ACTIVITY:
Starting at the first line of the listing below, repeat each line exactly until you have repeated the one containing "Initial & Butterfly"; skip the pictures.
--------------------
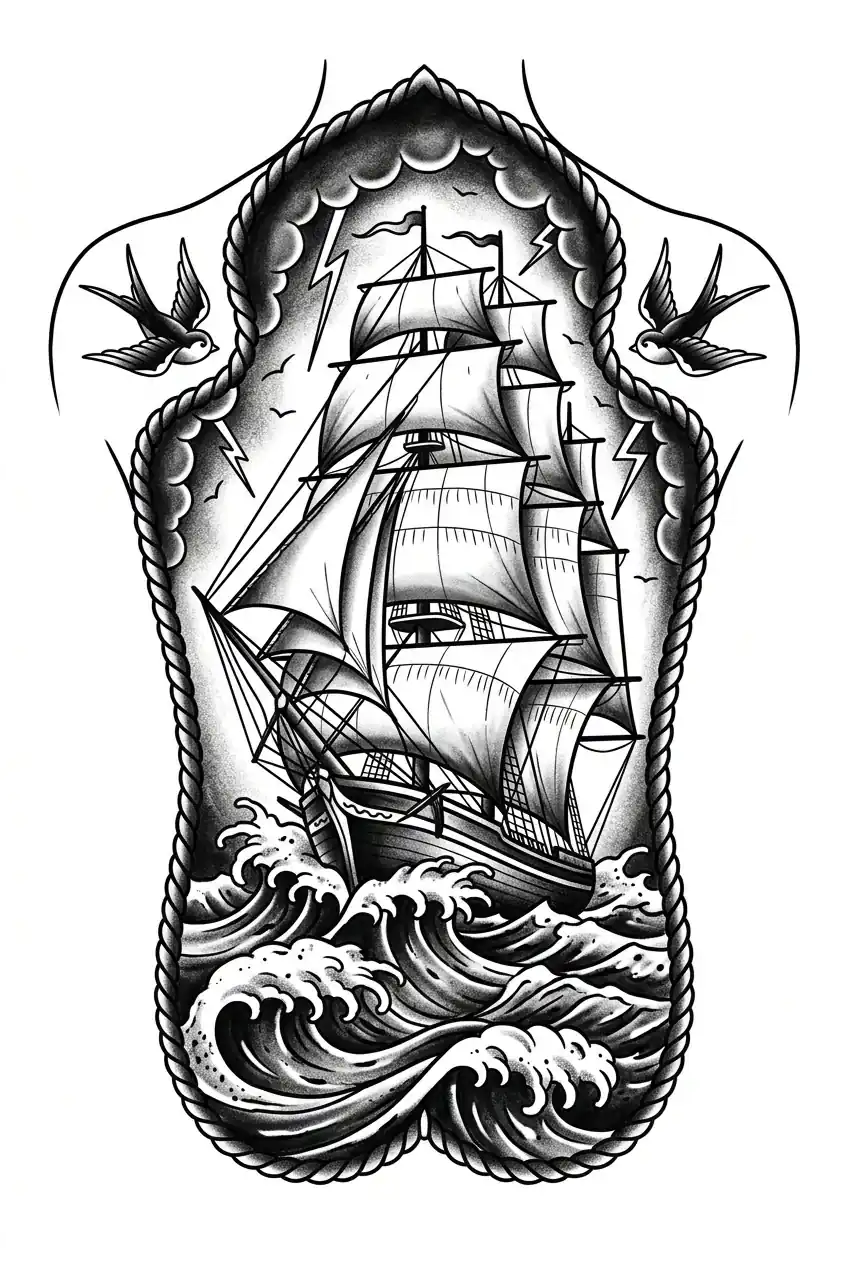 Black & grey ship American traditional back tattoo idea for full back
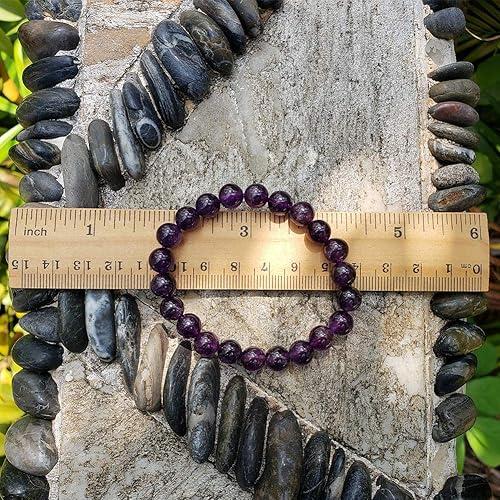 Miniatura 3 de Chengmu Pulsera elástica de amatista de 0315in para mujeres y hombres cuentas redondas naturales hechas a mano piedras preciosas semipreciosas para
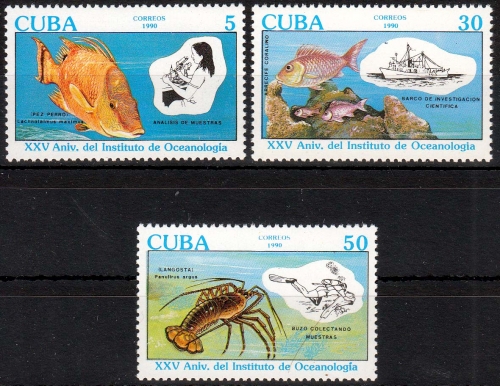 Kuba MiNr. 3390/92 ** Fische, Languste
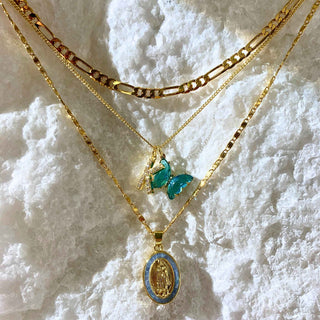 Initial & Butterfly 24k Gold Filled Layered Mary Set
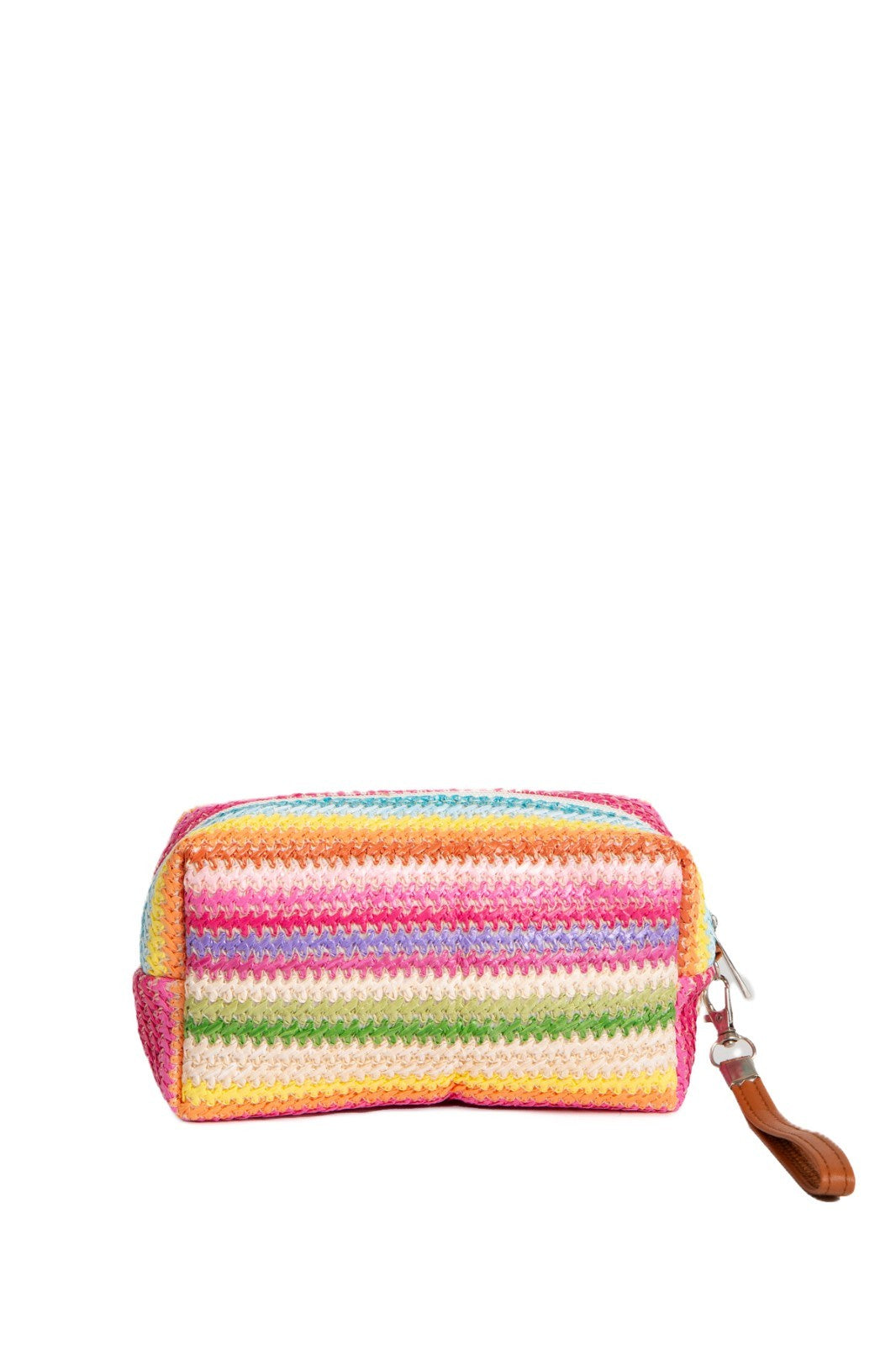 Large Travel Pouch with Zipper & Interior Pocket - Multi-Colored Striped & Daisy Pattern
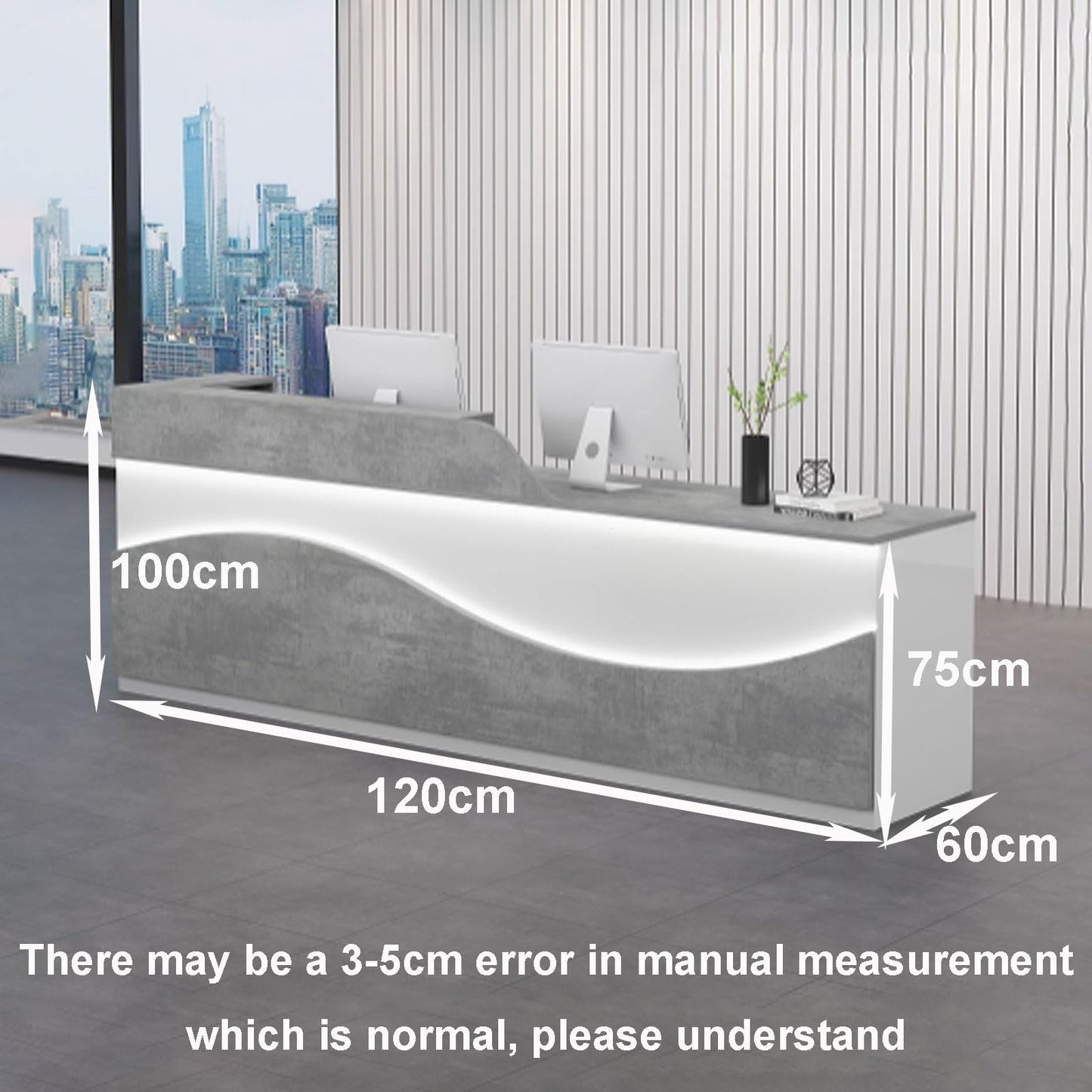 Modern Beauty Salon Reception Desk with Storage | Stylish Office Counter Table with Soft Lighting | White Receptionist Desk for Small Business (1.2m, Textured Finish)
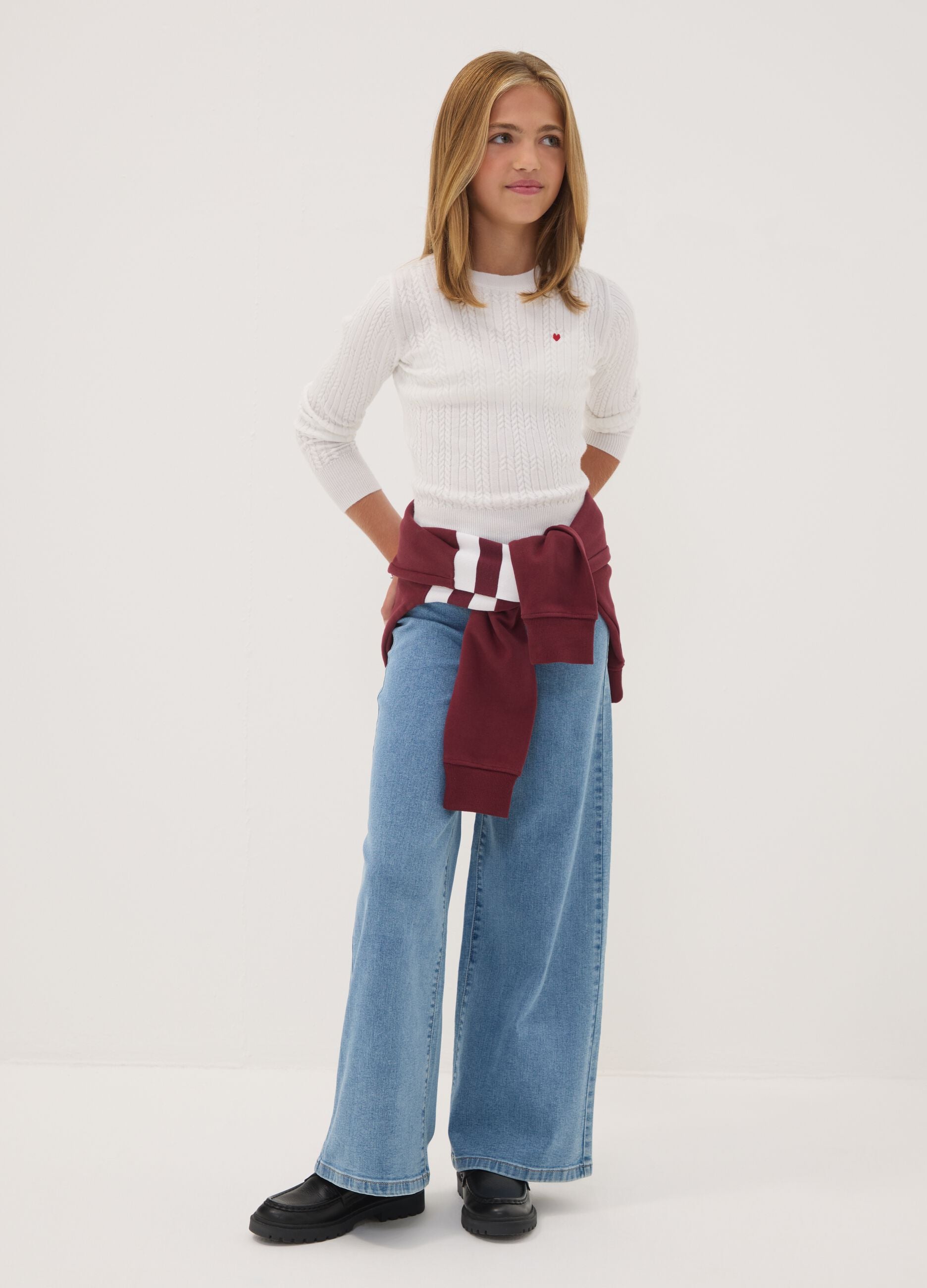 Girls&rsquo; super wide-leg cotton and stretch viscose denim jeggings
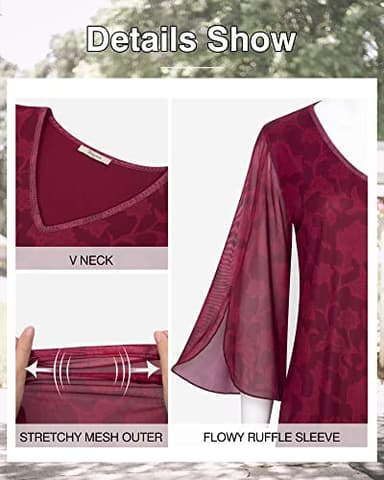 Bebonnie Womens Tops Dressy Casual,Ladies 3/4 Long Sleeve Fall Tunic Tops for Leggings Peasant Office Work Clothes Business Casual Dressy Shirts Mesh Elegant Floral Peasant Top Berry Red M - Image 5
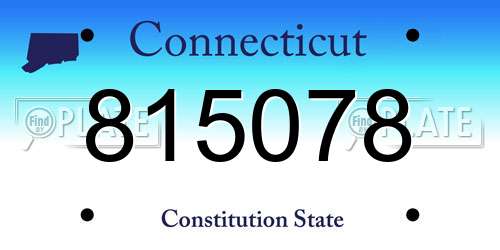 815078 Connecticut License Plate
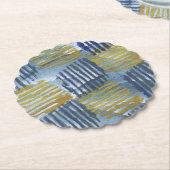 Abstract yellow and blue stripes kartonnen onderzetters (Gekanteld)
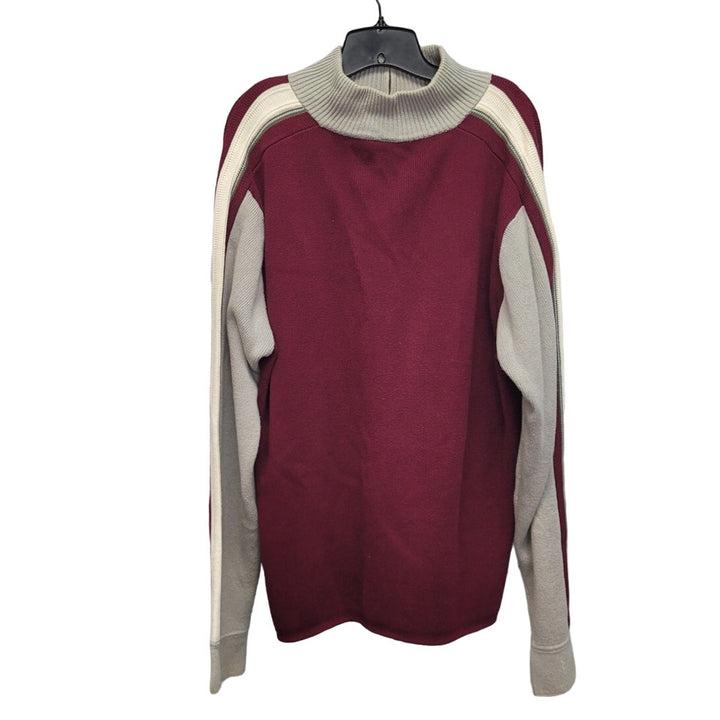 Joe Boxer Mens Large 100% Cotton Long Sleeve Arm Stripes Full Zip Knit Sweater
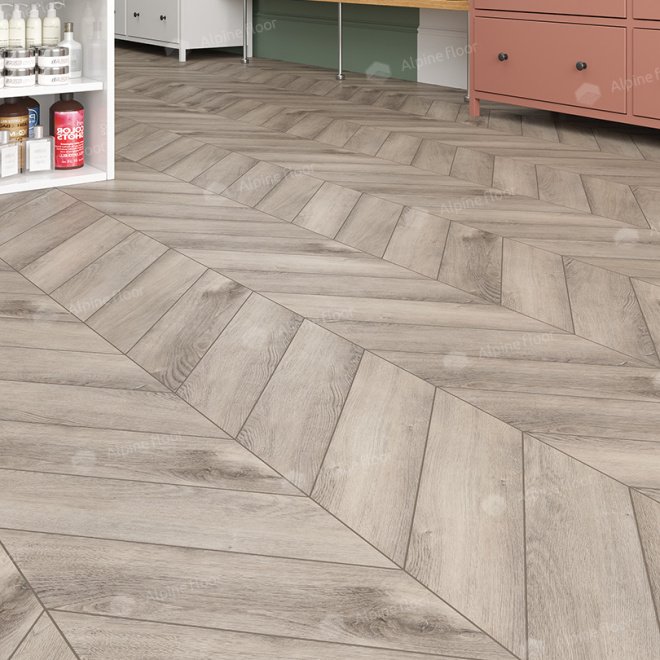 Кварц виниловый ламинат Alpine Floor Chevron Alpine ECO 18-8 Дуб Исида - фото 4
--------------------
RESPONSE BELOW:
 Black & grey ship American traditional back tattoo idea for full back
 Miniatura 3 de Chengmu Pulsera elástica de amatista de 0315in para mujeres y hombres cuentas redondas naturales hechas a mano piedras preciosas semipreciosas para
 Kuba MiNr. 3390/92 ** Fische, Languste
 Initial & Butterfly 24k Gold Filled Layered Mary Set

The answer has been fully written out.